Это было непредставимо — неужели этого многолюдного, кипучего города, который
они так хорошо знали, не стало? Не стало красивых домов в густой тени деревьев,
не стало больших магазинов и нарядных отелей? Мелани с трудом удерживалась от
слез — ведь в этом городе она родилась, там был ее дом. У Скарлетт тоже
защемило сердце, потому что она успела полюбить Атланту — этот город стал для
нее второй родиной после Тары.
— Ну, почти что все, — поспешил смягчить свой удар
Фрэнк, обескураженный расстроенными лицами дам, и тут же постарался придать
себе веселый вид — он же никак не хотел их огорчить. Это мгновенно повергло в
расстройство его самого, и он испытывал чувство ужасной беспомощности. Нет, он
не мог заставить себя сказать страшную правду. Пускай узнают ее от кого-нибудь
другого.
Не мог он поведать им о том, что увидела армия конфедератов
после своего возвращения в Атланту: ряды печных труб, акр за акром торчавших
над пепелищами; улицы, заваленные грудами обгорелых обломков и кирпича; старые
деревья, умиравшие от ожогов, роняя на землю обугленные ветви, которые уносило
порывами студеного ветра.
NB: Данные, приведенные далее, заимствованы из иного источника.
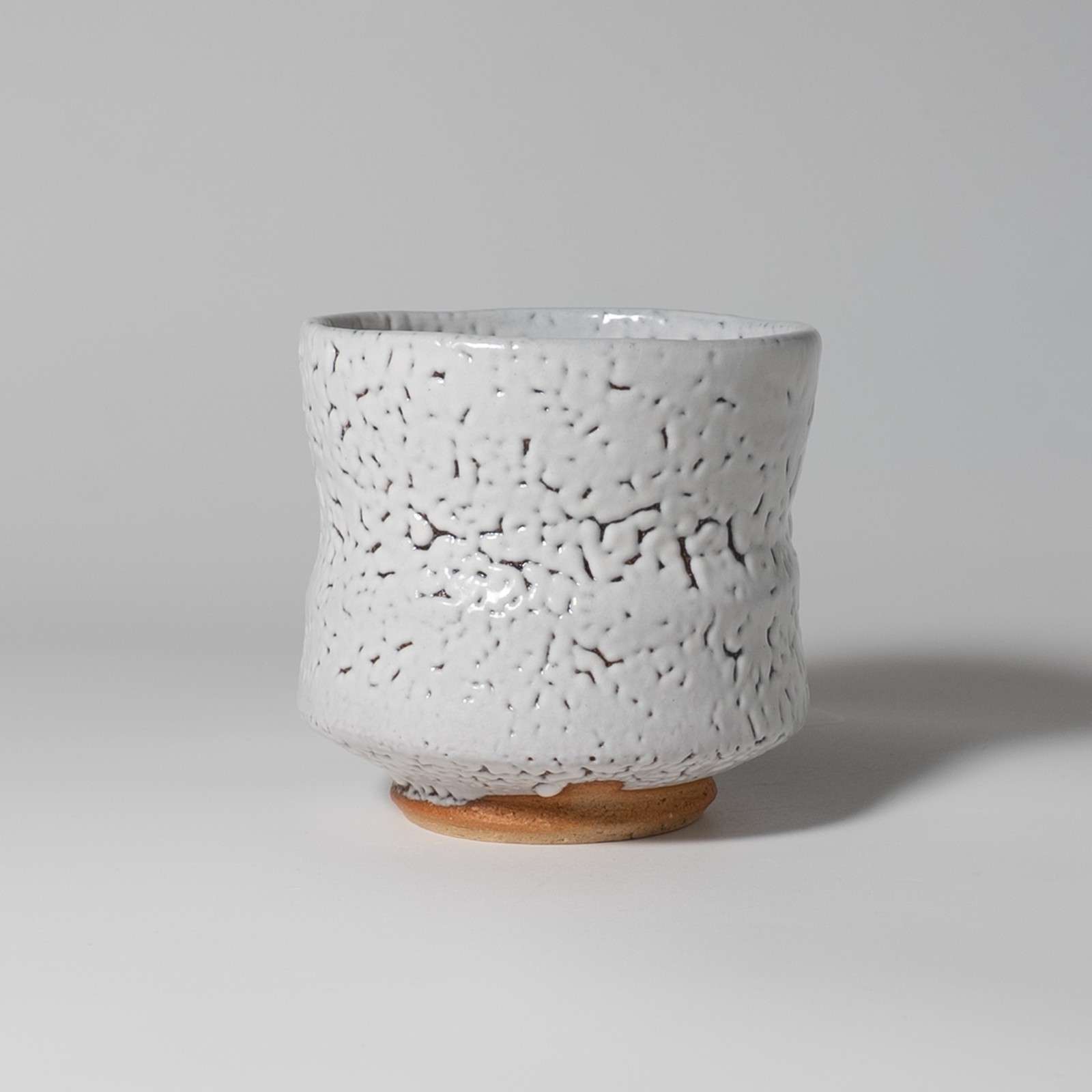 Yunomi teacup. Tohru Funasaki. Hagi yaki Japanese ceramic.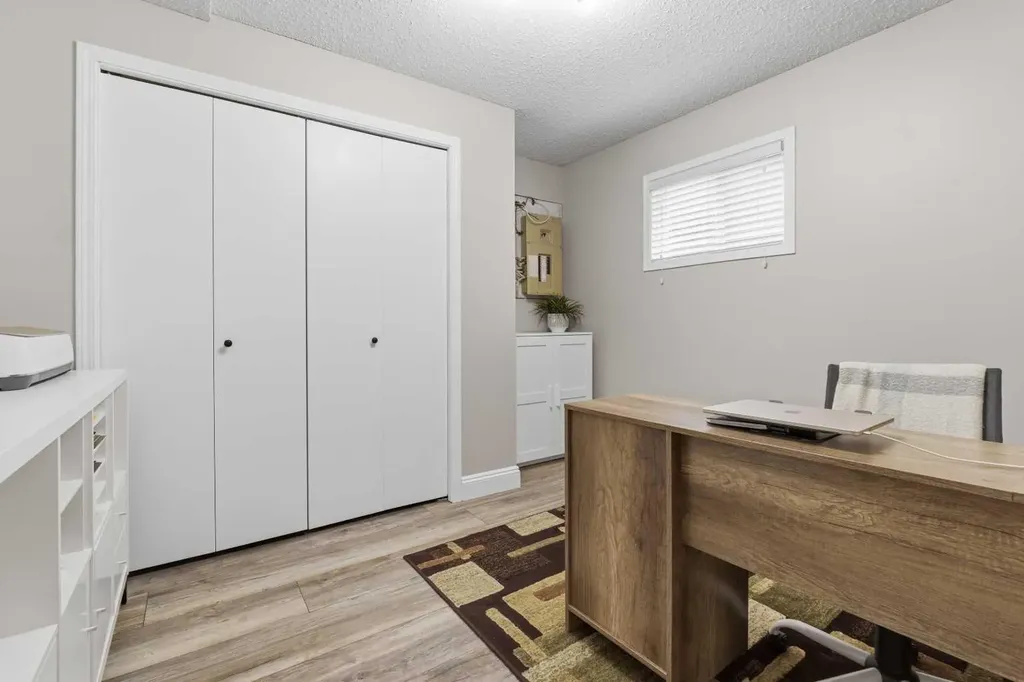 2 Pritchard Drive Whitecourt AB T7S 1B7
Ему вспомнилось, как от этого зрелища дурнота
подступила у него к горлу, вспомнилось, какие ожесточенные проклятия срывались
с губ конфедератов, когда руины города предстали их глазам. Приходилось уповать
лишь на то, что женщины никогда не узнают об ограблении кладбища, так как это
совсем бы их убило. Чарльз Гамильтон и родители Мелани были похоронены там.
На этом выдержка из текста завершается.